Your output should be the lines from the start of the data through the line containing "Young 25 year", exactly and nothing more.

(Short web captions)
===============

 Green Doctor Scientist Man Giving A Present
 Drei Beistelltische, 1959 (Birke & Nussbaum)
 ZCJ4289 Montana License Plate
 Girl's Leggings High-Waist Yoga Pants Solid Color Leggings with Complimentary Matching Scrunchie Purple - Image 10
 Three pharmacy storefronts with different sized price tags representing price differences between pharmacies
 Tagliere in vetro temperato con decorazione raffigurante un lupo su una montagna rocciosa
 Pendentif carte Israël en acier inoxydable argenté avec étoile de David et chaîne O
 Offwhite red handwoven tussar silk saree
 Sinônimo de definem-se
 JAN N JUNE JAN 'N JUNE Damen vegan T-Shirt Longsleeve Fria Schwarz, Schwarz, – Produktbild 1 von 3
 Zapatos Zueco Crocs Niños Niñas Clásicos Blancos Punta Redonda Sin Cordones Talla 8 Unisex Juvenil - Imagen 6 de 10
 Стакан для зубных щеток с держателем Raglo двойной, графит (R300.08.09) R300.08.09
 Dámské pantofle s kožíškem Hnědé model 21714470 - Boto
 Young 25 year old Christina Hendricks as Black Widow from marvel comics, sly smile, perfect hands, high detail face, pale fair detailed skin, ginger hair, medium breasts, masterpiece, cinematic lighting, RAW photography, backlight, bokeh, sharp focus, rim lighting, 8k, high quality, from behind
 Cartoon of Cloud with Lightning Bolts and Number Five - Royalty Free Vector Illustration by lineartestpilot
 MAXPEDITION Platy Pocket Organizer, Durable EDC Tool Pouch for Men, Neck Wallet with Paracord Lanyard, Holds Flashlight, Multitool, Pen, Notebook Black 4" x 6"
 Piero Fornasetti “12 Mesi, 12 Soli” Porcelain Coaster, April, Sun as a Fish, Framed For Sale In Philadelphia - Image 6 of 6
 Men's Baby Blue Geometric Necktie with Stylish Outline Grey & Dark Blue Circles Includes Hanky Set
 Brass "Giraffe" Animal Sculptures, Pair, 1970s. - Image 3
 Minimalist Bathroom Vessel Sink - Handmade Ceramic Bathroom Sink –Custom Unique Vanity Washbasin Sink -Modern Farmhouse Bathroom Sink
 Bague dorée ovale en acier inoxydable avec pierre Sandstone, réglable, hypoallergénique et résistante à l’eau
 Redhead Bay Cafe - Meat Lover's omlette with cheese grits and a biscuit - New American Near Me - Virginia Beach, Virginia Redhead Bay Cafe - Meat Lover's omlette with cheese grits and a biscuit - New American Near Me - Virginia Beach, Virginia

===============

TASK RESULT:
 Green Doctor Scientist Man Giving A Present
 Drei Beistelltische, 1959 (Birke & Nussbaum)
 ZCJ4289 Montana License Plate
 Girl's Leggings High-Waist Yoga Pants Solid Color Leggings with Complimentary Matching Scrunchie Purple - Image 10
 Three pharmacy storefronts with different sized price tags representing price differences between pharmacies
 Tagliere in vetro temperato con decorazione raffigurante un lupo su una montagna rocciosa
 Pendentif carte Israël en acier inoxydable argenté avec étoile de David et chaîne O
 Offwhite red handwoven tussar silk saree
 Sinônimo de definem-se
 JAN N JUNE JAN 'N JUNE Damen vegan T-Shirt Longsleeve Fria Schwarz, Schwarz, – Produktbild 1 von 3
 Zapatos Zueco Crocs Niños Niñas Clásicos Blancos Punta Redonda Sin Cordones Talla 8 Unisex Juvenil - Imagen 6 de 10
 Стакан для зубных щеток с держателем Raglo двойной, графит (R300.08.09) R300.08.09
 Dámské pantofle s kožíškem Hnědé model 21714470 - Boto
 Young 25 year old Christina Hendricks as Black Widow from marvel comics, sly smile, perfect hands, high detail face, pale fair detailed skin, ginger hair, medium breasts, masterpiece, cinematic lighting, RAW photography, backlight, bokeh, sharp focus, rim lighting, 8k, high quality, from behind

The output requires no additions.